Dec 12, 2011
Sungmin Lee
In this project, I implemented automatic rating system about human facial attractiveness. This implementation is based on a Journal "Facial Attractiveness: Beauty and the Machine" (2006, Y Eisenthal et al.) . Based on this journal, I extracted some features from Cambridge University Computer Laboratory's face database and by calculating euclidean distances from each feature, I managed to feed training data. To varify my result, I used classification techniques(K-nearest neighber and Support Vector Machine) to discern attractive images from unattractive images. and I also used a regression based on SVM to estimate rates of test images. The result shows 60% accuracy on classification, and 65% accuracy on estimation.

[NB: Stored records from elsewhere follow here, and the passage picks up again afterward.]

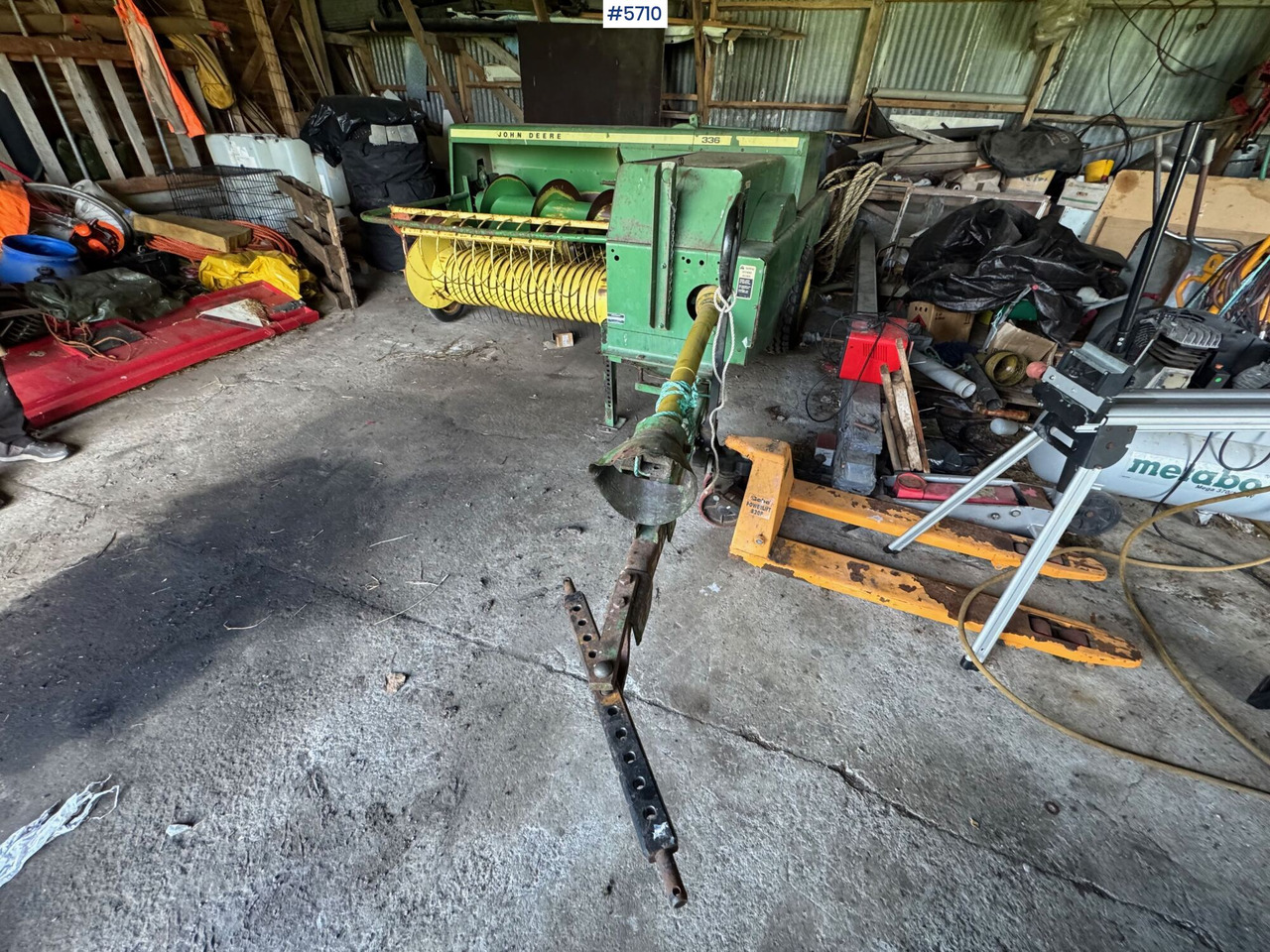 John Deere 336 Square baler. - Машина за сено и фураж: снимка 2 John Deere 336 Square baler. - Машина за сено и фураж: снимка 2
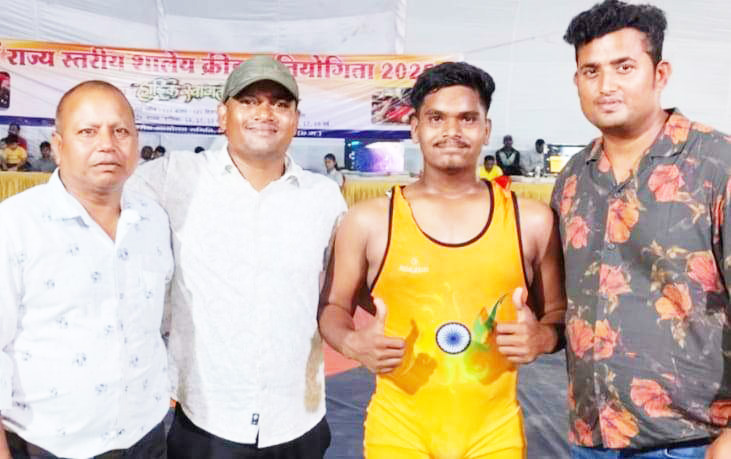 मल्दा स्कूल के टिकेश का कुश्ती में राष्ट्रीय स्तर के लिए चयन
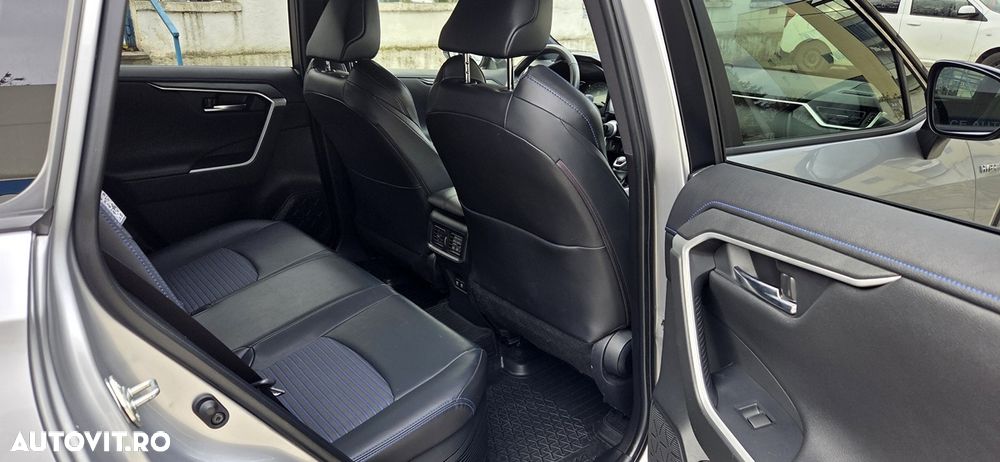 Toyota RAV4 2.5 Hybrid VVT-iE 4x4 Exclusive - 10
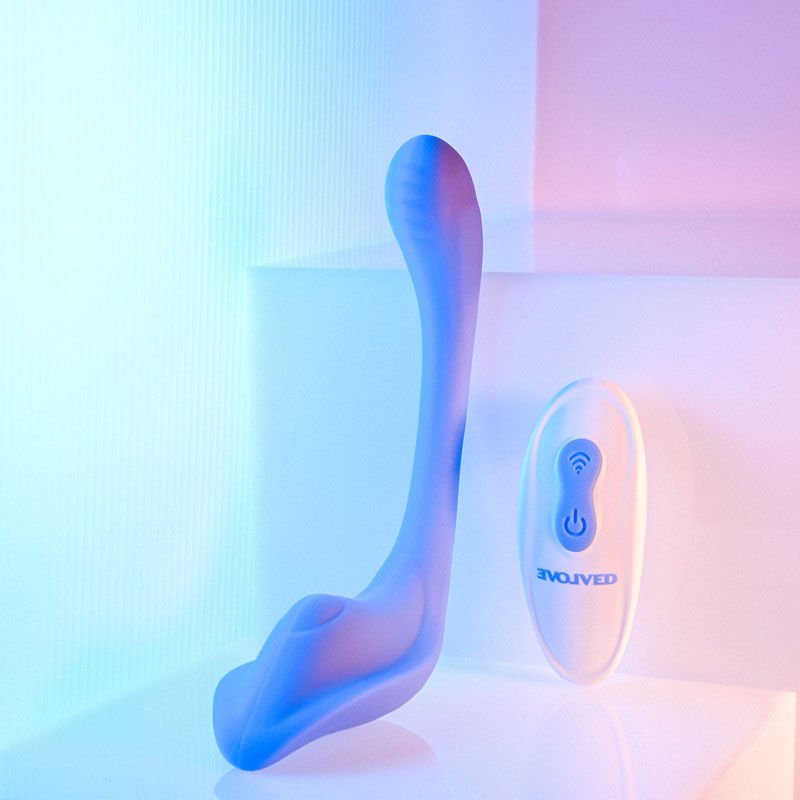 Evolved - remote control g-spot clitoral stimulator - Product front view  | Flirtybay.com.au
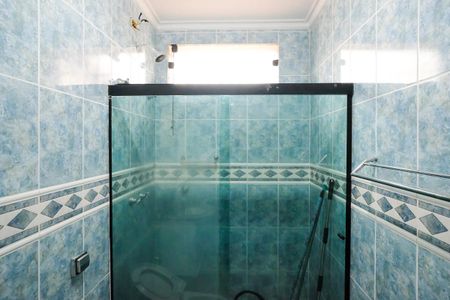 Casa à venda com 325m², 3 quartos e 2 vagasBanheiro da suíte 2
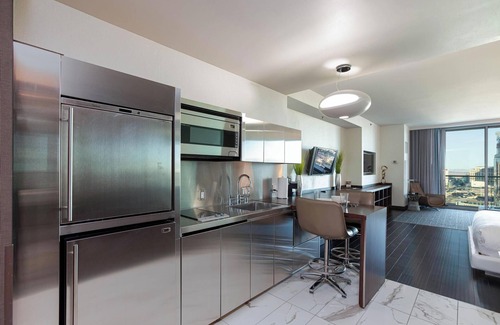 Las Vegas House | Euphoria w/Breathtaking LV Strip Views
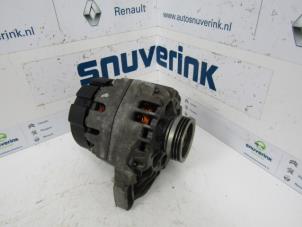 Begagnade Dynamo Renault Twingo (C06) 1.2 16V Pris € 25,33 Marginaltabell erbjuds av Snuverink Autodemontage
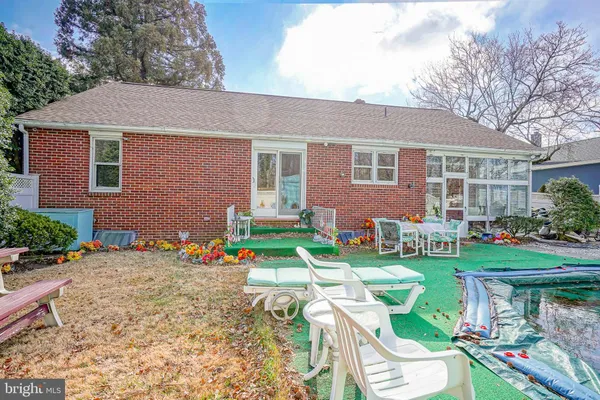 $279,900 | 617 Elm Avenue, Woodbury Heights, NJ 08097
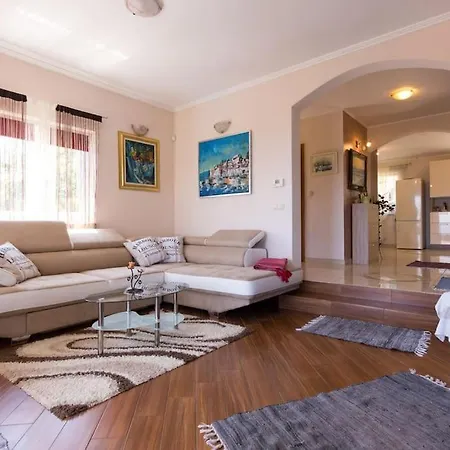 Luxury Emily With Amazing Sea View Διαμέρισμα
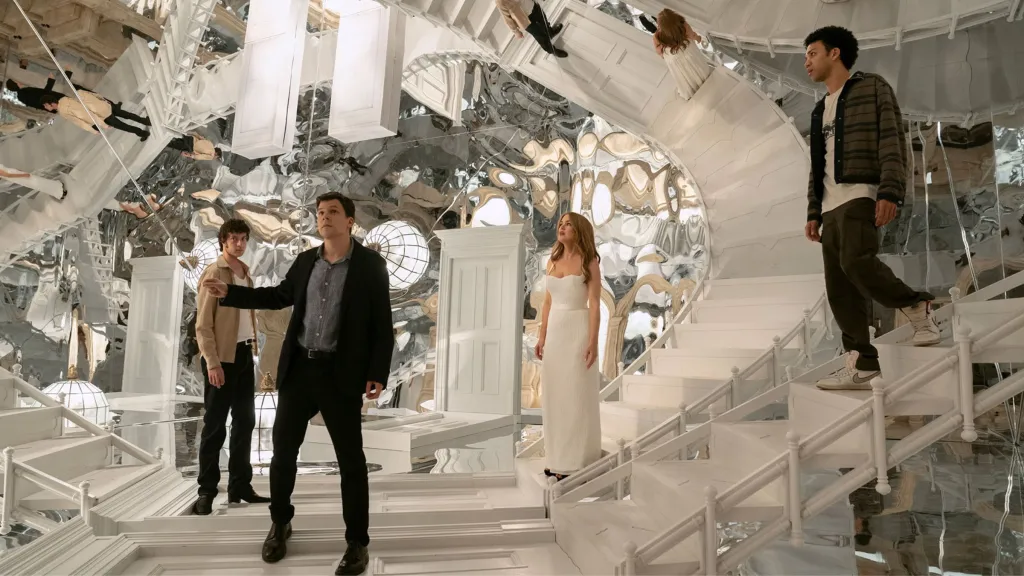 The warped room in Now You See Me Now You Don't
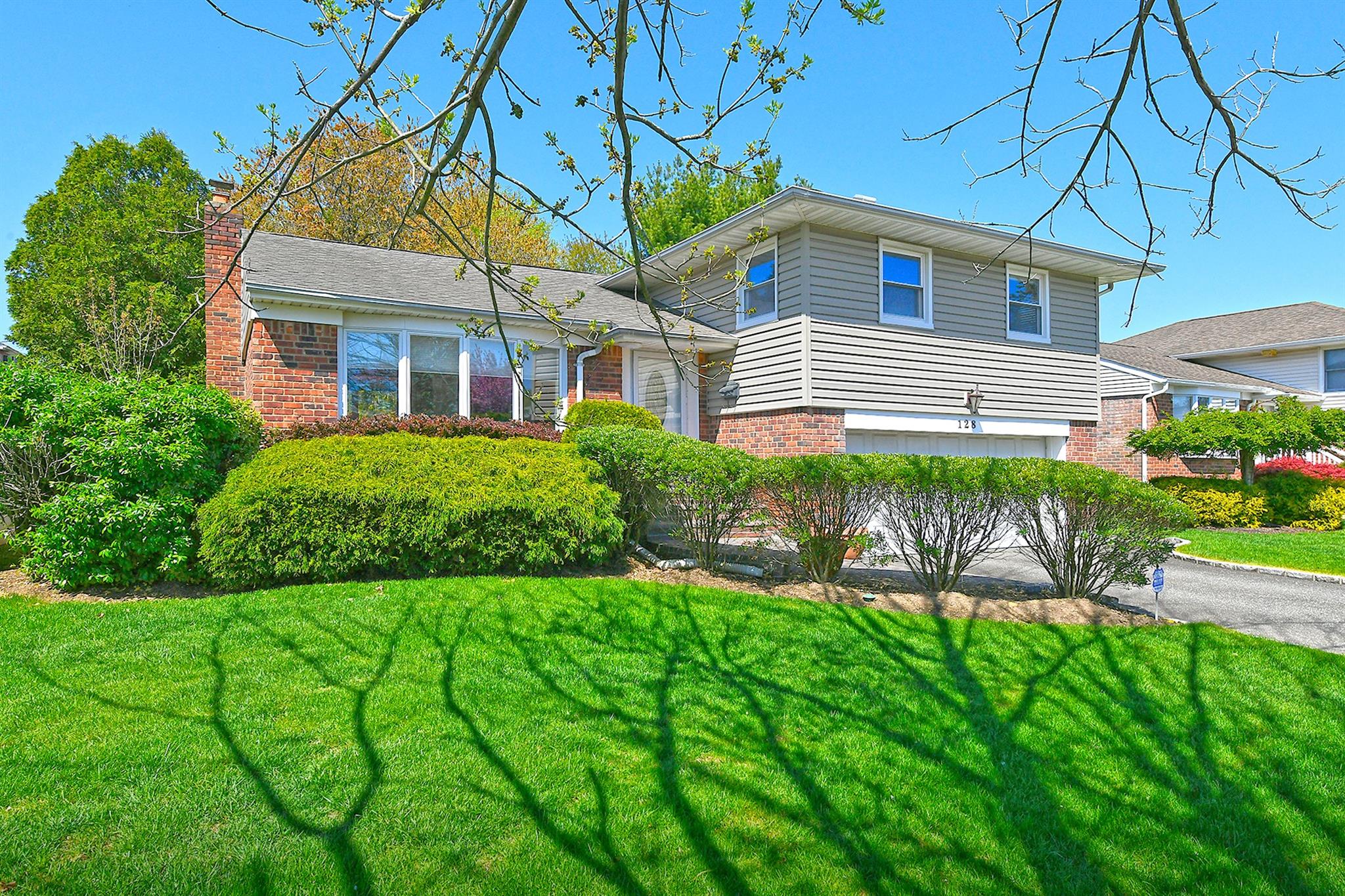 128 Manor Street, Plainview, New York image 2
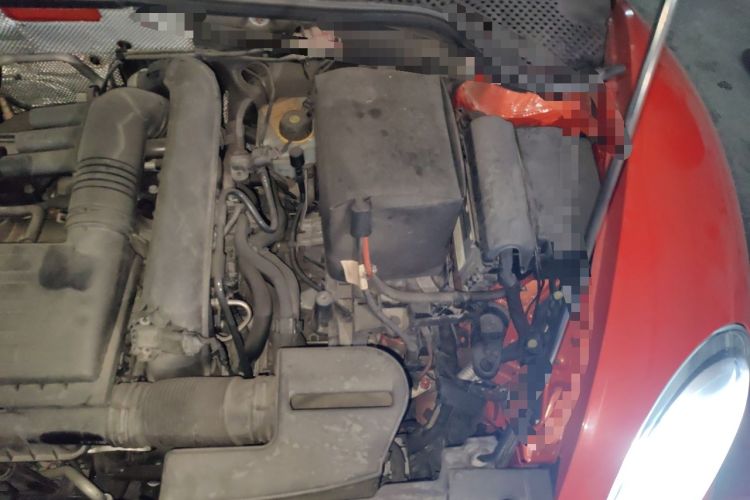 Used Volkswagen Beetle 2017 180TSI Yile Edition Engine Bay Left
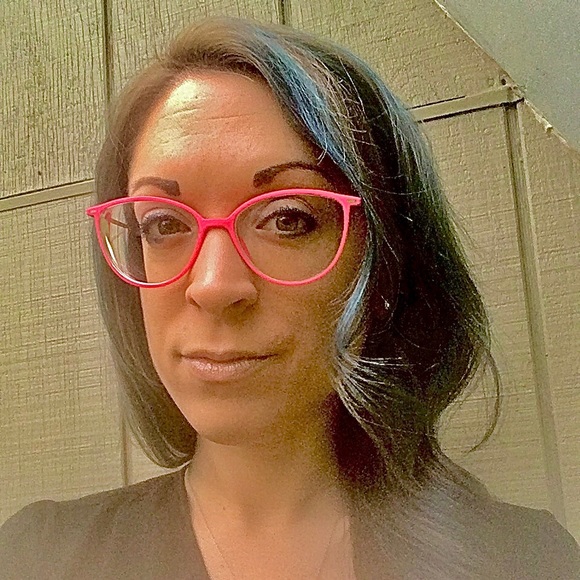 Meet your Posher, Amanda - Picture 2 of 4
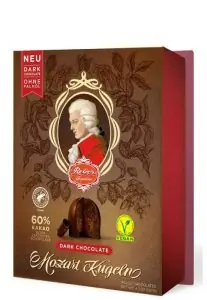 Конфеты Reber из темного шоколада Mozart Kugeln с нг открыткой 120г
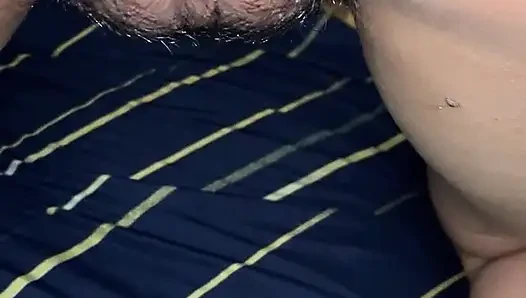 Ağzına tesettür giyiyor
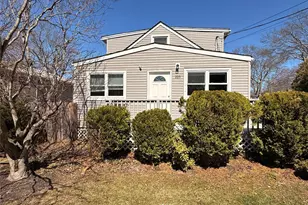 225 Fir Grove Rd, Ronkonkoma, NY 11779 - Photo 2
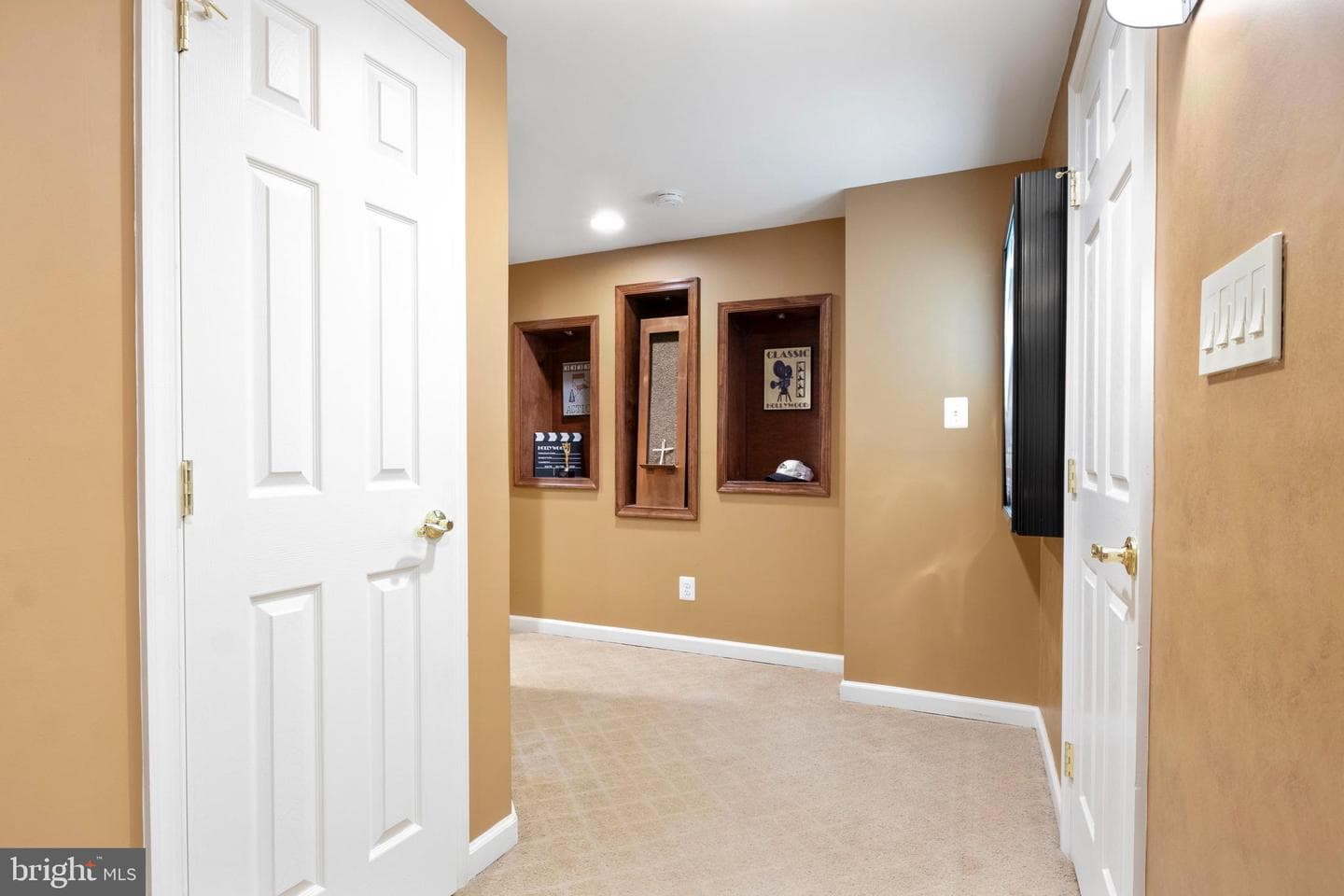 730 Hollywood Place photo 45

                One of the main issue of this project was looking for a plausible face database. Since I was going to extract some features from them
                very precisely, there were some restrictions to collect data. That is, 
                 1. The image should face to the front.
                 2. In the same sense, there shouldn't be some hidden part. (eg. covered by hand, sun glasses)
                 3. The number of data should be reasonably large. 
                Actually, in Eisenthal's journal they only collected women's images within specific age range to
                minimize the other factors which penalize fair comparison such as age difference, different jewelries.
                In this project, I just collected all possible data from 
                Cambridge University Computer Laboratory's face database since it was too problematic to collect perfect dataset for one person. 
                from this database, I collected 39 face images of all different age and gender as a training set.
                As a next step, I asked 7 people to rate the attractivness of images from 1 to 10(1: very unattractive, 10: very attractive) to set a 
                ground-truth of human annotation. Since the quality of dataset was very poor and all the people from the images are pretty average,
                average ratings were heavily baised to center. (avg=4.74, min=3, max=7.1)
            
< Fig 1. 29 points from a face >
After that, I extracted 29 points from a face (fig 1), and caluclated euclidean distances of some features such as Face length, face width(between cheeks and chins), eye size, nose size, etc. But more important things than sizes themselves are ratios of those features since sizes are heavily variant to picture condition. So differently from the paper, I got rid of all the size features, and just used proportions of those features instead. All the details of feature vector information are described in "measure_feature_set.m" file.
I calculated feature vectors for all the dataset, and made a test by using classification techniques to check whether they are distributed properly. I wanted to discern attractive faces from unattractive ones, so I collected 10% most and least attractive images from human rating respectively. I used both K-nearest neighbor and svm classifier, and they both showed around 60% accuracy in classification. Since the main goal of this project is automatically estimating a human's attractiveness, I employed SVR(Support Vector Regression).
I collected another database as a test set, and I also ranked those images to compare with computer estimation. I used nu-SVR with many kernel types such as linear, polynomial, but linear generally led acceptable result.
Even though I didn't use eigenfaces like the original paper, the result was comparable to the result. If the database was large enough and there were many people ranking the database, the we can expect more precise result. Beside these techniques, taking some specific features from a face(specifically, eyes, lips, nose, for example) could be an interesting approach too.